→ **EXERCISE INSTRUCTIONS**
Pictures in the listing should not be copied. Reproduce, word for word, each line from the one holding "Lakefront villa at dusk" through the final line.
╔══
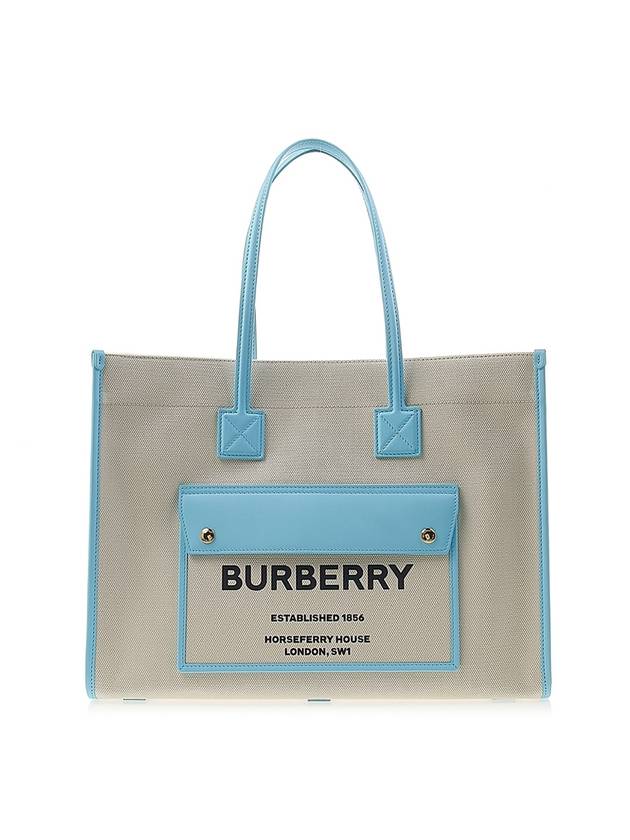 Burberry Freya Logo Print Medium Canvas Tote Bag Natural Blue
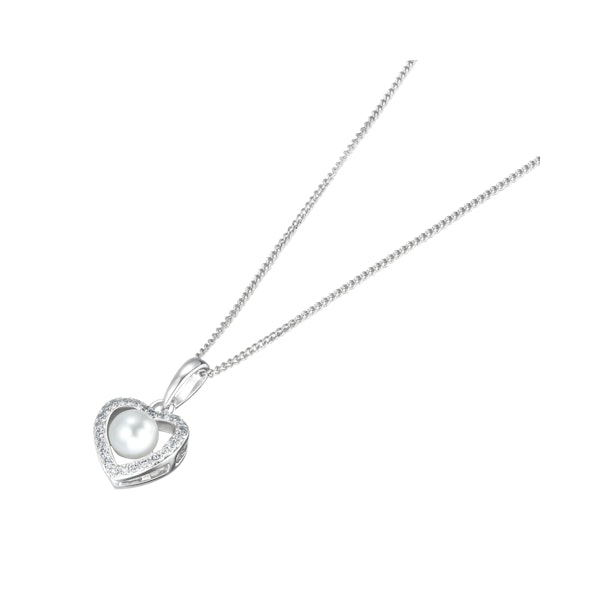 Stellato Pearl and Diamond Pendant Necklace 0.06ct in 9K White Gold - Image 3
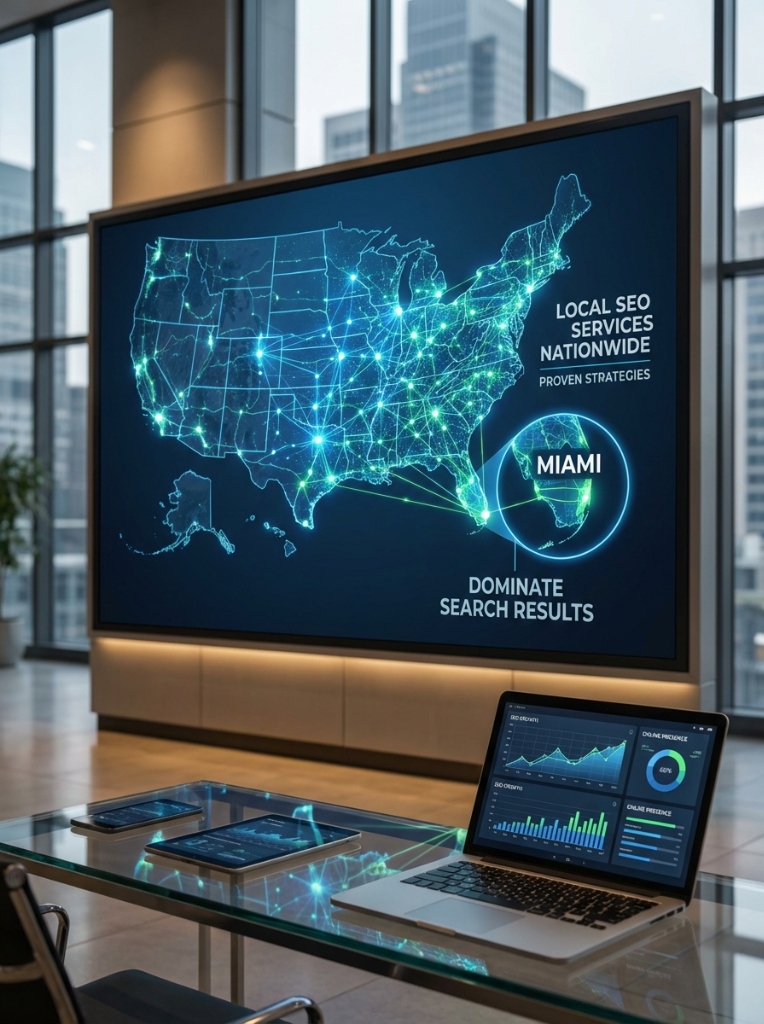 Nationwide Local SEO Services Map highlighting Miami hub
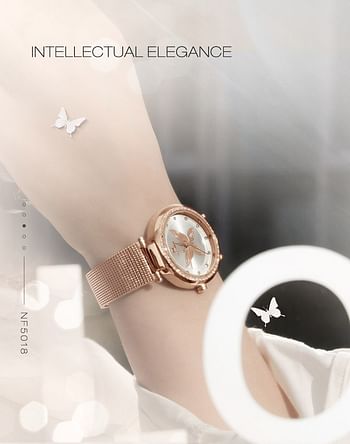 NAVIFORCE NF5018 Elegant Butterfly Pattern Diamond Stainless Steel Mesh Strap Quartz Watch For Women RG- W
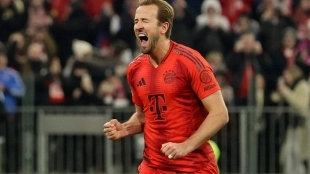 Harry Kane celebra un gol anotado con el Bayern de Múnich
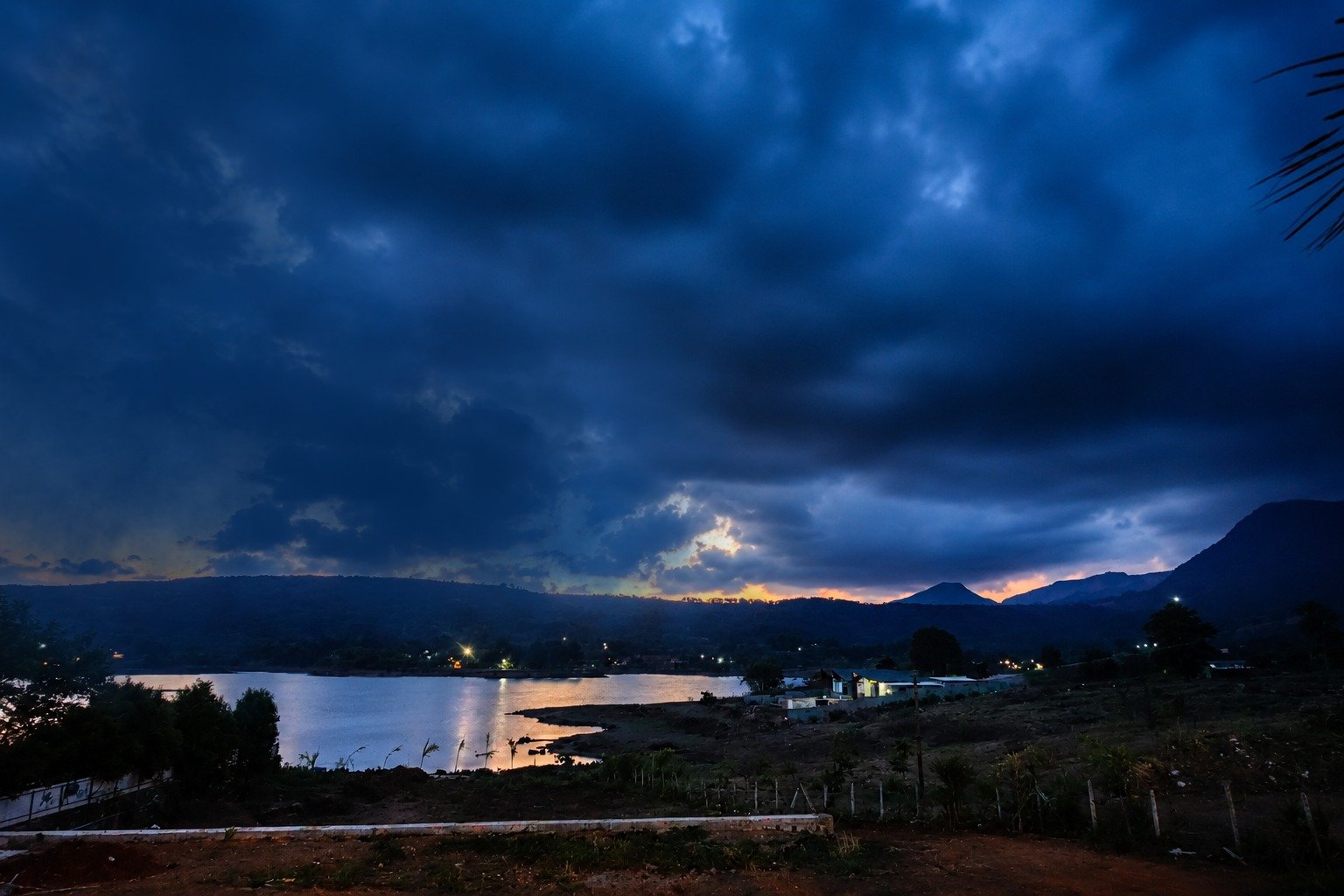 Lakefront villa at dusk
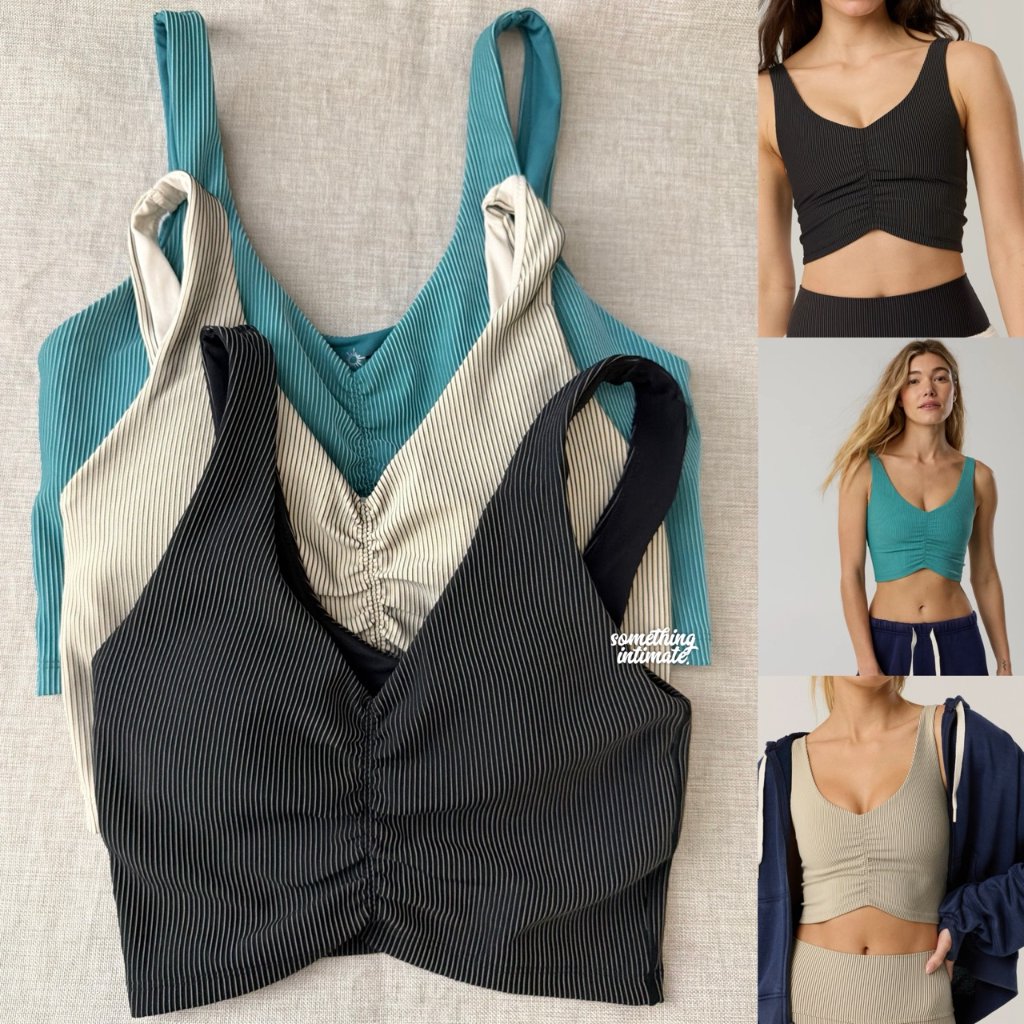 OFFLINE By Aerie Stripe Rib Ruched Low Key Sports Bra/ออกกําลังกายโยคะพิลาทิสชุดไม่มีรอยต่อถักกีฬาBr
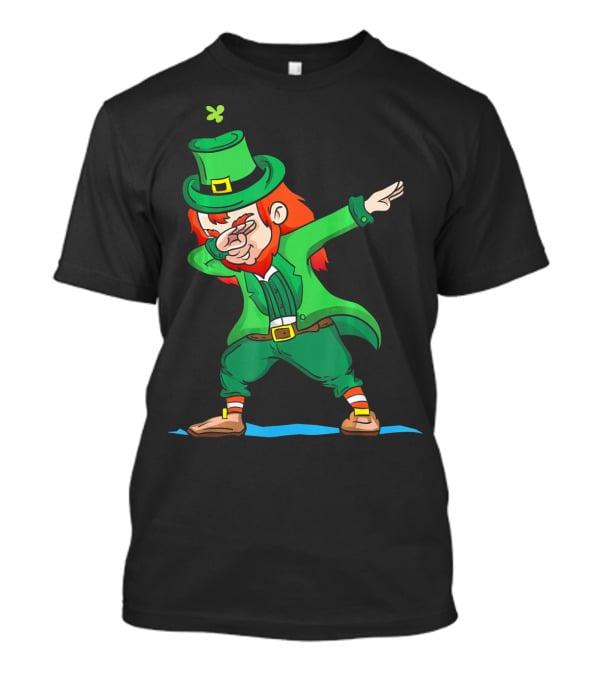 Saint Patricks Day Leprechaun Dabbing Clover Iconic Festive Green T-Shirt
╚══
→ **ANSWER BELOW**
 Lakefront villa at dusk
 OFFLINE By Aerie Stripe Rib Ruched Low Key Sports Bra/ออกกําลังกายโยคะพิลาทิสชุดไม่มีรอยต่อถักกีฬาBr
 Saint Patricks Day Leprechaun Dabbing Clover Iconic Festive Green T-Shirt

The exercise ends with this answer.